Mimi’s scar throbbed, trying to say something. Bennett! it would say, its puppety mouth emitting rank breath. Where was your daddy’s fucking money when Mimi was charging thousands of dollars in hospital bills to her fucking Discovery card?!

“Meems? Baby?”

She just had to lie down for a minute and then she would feel okay. She just had to lie down beneath a blanket. Bennett shoved the pillow under her head, frowning. She had to lie very still and get the gut-mouth to shut up, to stop mumbling there underneath her bathrobe, but even when she pressed the blanket against her skin she could hear the mouth singing a mean, taunting little song. Who’s afraid of the big bad Beth? The big bad Beth? The thing was fucking possessed! “Okay!” said Mimi. “That’s enough!”

“Enough what?” Bennett had stepped back now. “Do you need something? What’s wrong?”

Me!
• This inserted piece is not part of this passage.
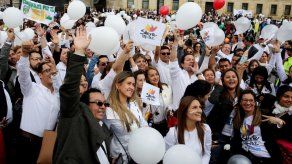 Un día que el mundo no olvidará: Almagro festeja acuerdo de paz en Colombia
Me! Me! cried the scar.

“I’m going to call the doctor,” said Bennett uncertainly. But he didn’t know who her doctor was, did he? Mimi thought that he might be calling Aunt Jan and tried to warn him to stop. Aunt Jan would never take the kidney off her hands if she knew Mimi was sick, sick, sick, if she knew how diseased and rotten Mimi was through and through. Bennett was ruining everything! The toxic pulse of the scar made Mimi hot, made Mimi cold, made Mimi’s vision go spangly like fireworks one minute, dull as felt the next. She had been lying on the couch for hours, hours, hours. We’ve got to get Shirley’s blood, she tried to tell her stomach-mouth. The blood will know what to do.

It had been hours, hours, hours. “Yes,” Bennett was saying into the phone. “I guess it’s gotten infected, yes, you’re probably right.” Infected? No, he didn’t get it at all, not at all. “I don’t see how it could have happened.” This part, Mimi was sure she heard through the crash of blood in her ears, he repeated. “I sure don’t get how this could have happened. I guess you’re right. It must have gotten infected. Yes, I’ll bring her in. Of course, as soon as possible. But doctor. She’s going to be okay, right? Doctor, doctor, how could this have happened?”